Blitzen Trapper: Destroyer of the Void
The freakiness that made them so unique in the beginning has decreased in inverse proportion to their hair: as they’ve gotten hairier, but their sound has been cleaned up just as much. A lot of what was essential about the band remains – elements of shiny pop (the engaging turnaround in “Laughing Lover”), buzzy old-school fuzz tones (“Love And Hate”). But what happened to the promise of the freaky, lo-fi aesthetic of Wild Mountain Nation? Their wayward rootsiness still pokes through at times, but overall the band is continuing the trajectory it began with Furr, blitzing itself into the too-safe trappings of labelmates like The Shins and Iron & Wine more than the erstwhile tones of classic rock.
Though the move disappoints me personally, the strength of the songs are still apparent on tracks like “Hurricane,” which is propelled by a frenetic 12-string strum before it collapses into a CSNY-like lope at its midpoint. But leader Eric Easley’s love of a good internal rhyme and Dylanesque inflections (“The Tree”), and the creepy darkness that pervaded earlier albums (“The Man Who Spoke True”), seem out of place in the overall sparkling sheen of Destroyer Of The Void’s production. “Evening Star” blends a thudding backbeat with tight harmonies and gleeful southern rock idioms, but as the album moves on, it begins to lag under an overused formula that is singularly theirs but too familiar. “The Tailor” is one of many songs that start with plaintive acoustic guitar and vocals; most of these loll at mid-tempo, like “Heaven,” which drags on into near monotony while noticeably recycling imagery from Easley’s own lyrics.
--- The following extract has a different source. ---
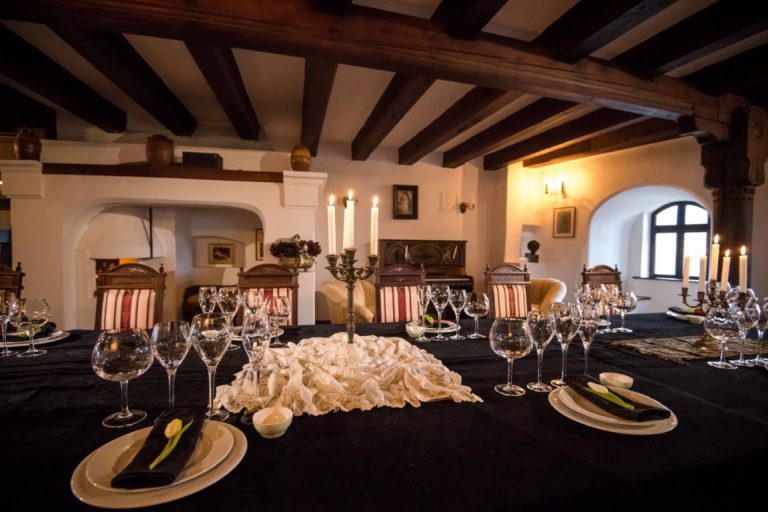 Red and gold wedding - Bran Castle, table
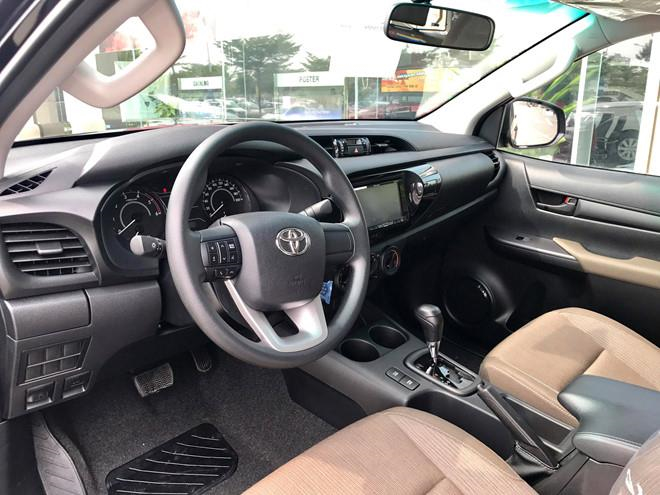 Isuzu D-Max và Toyota Hilux - ‘ông trùm’ đất Thái, èo uột ở Việt Nam - 11 Isuzu D-Max và Toyota Hilux - ‘ông trùm’ đất Thái, èo uột ở Việt Nam - 11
Likewise, the jagged, unpredictable chord changes that were once Blitzen Trapper’s hallmark have now become the opposite –a songwriting trope that the listener expects, almost demands, from the band.
While I’m sure their live show will still retain the rawness that made them sound so immediate and great only a couple of years ago, Destroyer Of The Void has actually smoothed out a few too many edges to save fans from the tepid abyss against which the promise of Blitzen Trapper once raged.